A bishop is a piece in the strategy board game of chess. Each player begins the game with two bishops. One starts between the king's knight and the king, the other between the queen's knight and the queen. In algebraic notation the starting squares are c1 and f1 for white's bishops, and c8 and f8 for black's bishops.

The bishops may be differentiated according to which wing they begin on, i.e. the king's bishop and queen's bishop. As each bishop always remains on either the white or black squaues, it is also common to refer to them as the light-squared or dark-squared bishop.

The bishop has no restrictions in distance for each move, but is limited to diagonal movement, forward and backward. Bishops cannot jump over other pieces. As with most pieces, a bishop captures by occupying the square on which an enemy piece sits.

Because the bishop has access to only thirty-two squares of the board, it is rather weaker than the rook to which all sixty-four squares of the board are accessible. Furthermore, a rook on an empty board always attacks fourteen squares, whereas a bishop attacks only seven to thirteen depending on how near it is to the center. A rook is generally worth about two pawns more than a bishop.

Bishops are approximately equal in strength to knights. Bishops gain in relative strength towards the endgame as more and more pieces are traded, and lines open up on which they can operate. When the board is empty, a bishop can operate on both wings simultaneously, whereas a knight takes several moves to hop across. In an open endgame, a pair of bishops is decidedly superior to a bishop and a knight or two knights. A player possessing a pair of bishops has a strategic weapon in the form of a long-term threat to trade down to an advantageous endgame.

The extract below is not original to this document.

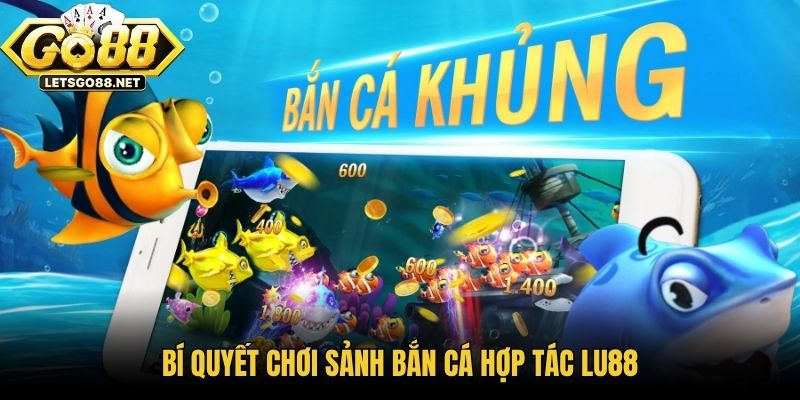 Sảnh Bắn Cá Hợp Tác Lu88 - Đại Dương Săn Thưởng Đỉnh Cao Bí quyết chơi sảnh bắn cá hợp tác LU88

On the other hand, in the early going a bishop may be hemmed in by pawns of both players, and thus be inferior to a knight which can hop over obstacles. Furthermore, on a crowded board a knight has many opportunities to fork two enemy pieces. While it is technically possible for a bishop to fork, practical opportunities are rare.

A bishop which has trouble finding a good square for development in the center may be fianchettoed, for example pawn g2-g3 and bishop f1-g2. This forms a strong defense for the castled king on g1 and the bishop can often exert pressure on the long diagonal h1-a8. A fianchettoed bishop should not be given up lightly, because then the holes in the pawn formation around the king can easily prove disastrous.

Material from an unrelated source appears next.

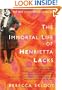 The Immortal Life of Henrietta Lacks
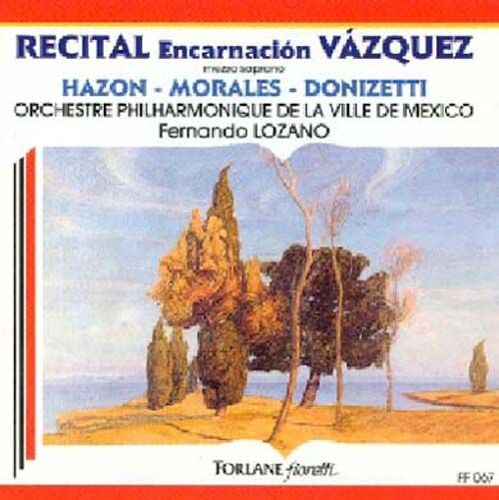 Recital : Hazon, Morales, Donizetti Vazquez, Mezzo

A player with only one bishop should generally place his pawns on squares of the color that the bishop can not move to. This allows the player to control squares of both colors, allows the bishop to move freely among the pawns, and helps fix enemy pawns on squares on which they can be attacked. A bishop which is impeded by friendly pawns is sometimes disparagingly called a "tall pawn", or more simply, a "bad bishop".

Endgames where each side has only one bishop each on squares of opposite colors often result in draws, even if one side has one or two pawns more than the other. Each side tends to gain control of squares of opposite colors, and a deadlock results.

In endgames with same-colored bishops, even a minute advantage may be enough to win.